Transfer learning by training only the last few layers

(Rpratesh) #1


I wanted to train the provided deepspeech 0.3 checkpoints with my own recorded audio files.
For now, I want to train only the last few layers (like fully connected layers and last few RNN layers) while freezing the rest of layers. What changes are needed in code to do that.

Also, for an advice, Is it better to train only the last few layers or the entire network, provided your dataset is just another accent of English language itself with few extra words that were not earlier in vocabulary.


(Rpratesh) #2

Any suggestions on this @lissyx @Tilman_Kamp !

(Lissyx) #3

Joshua is already working on that, but it’s still early:

(Rpratesh) #4

@lissyx Can you tag Joshua’s handle in this thread. So that we can have discussion on this topic here


Hey there, @rpratesh!

Try checking out that branch that @lissyx mentioned (transfer-learning).

You will need to add the following files for your new accent:


(1) Use util/ to find the unique characters in your new accent transcripts.

(2) Use util/ from the transfer-learning branch to generate the trie & lm.binary files

(3) train with, making sure the paths match up to your local data. I’d try replacing the top layer and maybe the second layer. Going down deeper probably won’t make sense for just accent-transfer.

(Rpratesh) #6

I’ve checked out “transfer-learning” branch and generated my own lm.binary, trie files.
I’ve trained with two extra parameters i.e.

–drop_source_layers 2 --source_model_checkpoint_dir “$MyCkptDir”

Are the above two parameters correct and enough, for the purpose of transfer learning by unfreezing only the last two layers

And, the model seems to have converged quickly and is performing well with my test dataset. Though, I’ve a feeling that it has over-fitted, because it works well with similar sentences that I’ve added to vocabulary (though from a completely new speaker) , but doesn’t work well if the same speaker talks entirely new sentences.
Any suggestion on what I can do to improve this.

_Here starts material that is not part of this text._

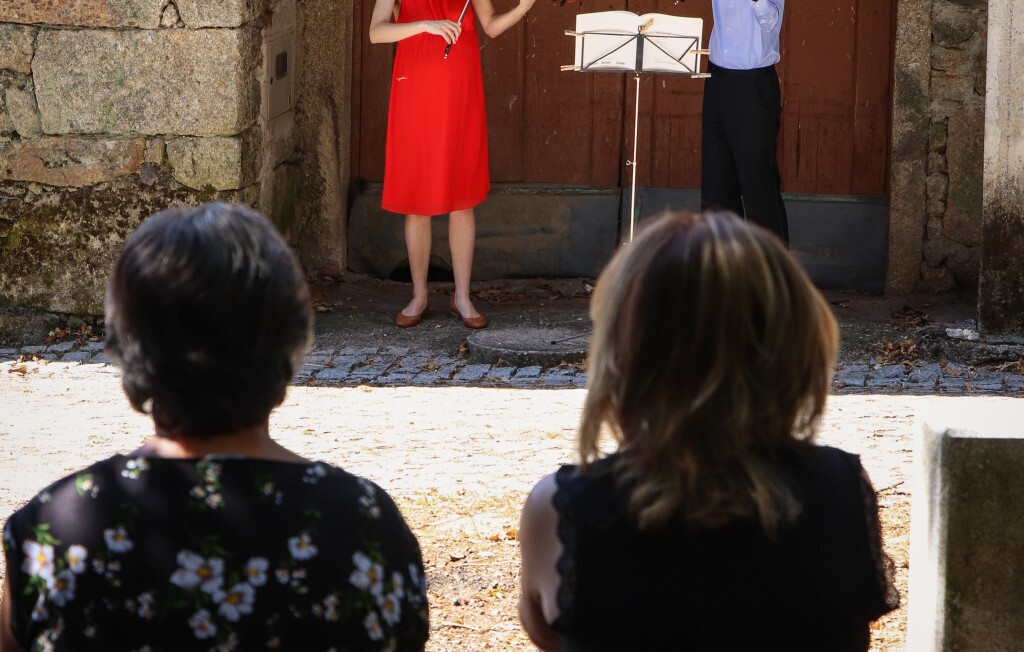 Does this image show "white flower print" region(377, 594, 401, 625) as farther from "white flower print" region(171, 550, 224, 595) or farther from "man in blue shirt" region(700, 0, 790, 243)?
"man in blue shirt" region(700, 0, 790, 243)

Try early stopping with a shorter window

(Rpratesh) #8

hi @josh_meyer

If we look into Deepspeech’s architecture, it has 3 FC layers, then one BiLSTM layer followed by one FC layer.
So, If I am training last two layers using the Transfer-learning branch, that @josh_meyer has mentioned, would that modify the weights of even the BiLSTM layer ('coz that’s the last-but-one layer as per the arch.)

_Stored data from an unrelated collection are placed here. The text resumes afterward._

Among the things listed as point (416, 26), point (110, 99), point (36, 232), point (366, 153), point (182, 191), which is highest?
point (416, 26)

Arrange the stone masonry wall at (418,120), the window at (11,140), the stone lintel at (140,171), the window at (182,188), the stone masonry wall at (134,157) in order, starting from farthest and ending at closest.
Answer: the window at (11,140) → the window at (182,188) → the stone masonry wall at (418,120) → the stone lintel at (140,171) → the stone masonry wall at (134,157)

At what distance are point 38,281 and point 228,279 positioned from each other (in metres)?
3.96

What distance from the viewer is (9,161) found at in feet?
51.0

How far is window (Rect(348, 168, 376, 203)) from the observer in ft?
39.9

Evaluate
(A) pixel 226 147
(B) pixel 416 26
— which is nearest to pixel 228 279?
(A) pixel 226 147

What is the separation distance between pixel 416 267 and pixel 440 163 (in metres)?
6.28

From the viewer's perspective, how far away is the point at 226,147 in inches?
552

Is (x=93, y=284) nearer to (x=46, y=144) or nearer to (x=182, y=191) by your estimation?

Also @josh_meyer @lissyx @kdavis,
Can you suggest any better training method such that it retains the American accent but performs well on other accents too.
Problem I am facing is that, If I train the last one/two layers with just Indian accent, it’s forgetting the previous accents.

(Rpratesh) #9

any help regarding this query!

(Reuben Morais) #10

The terminology in the transfer learning branch includes the output layer in the count, so last two means the output layer and final hidden layer.

(Rpratesh) #11

Output layer means CTC decode layer?

(Reuben Morais) #12

It means the last layer in the model, the one that has the same size as your alphabet.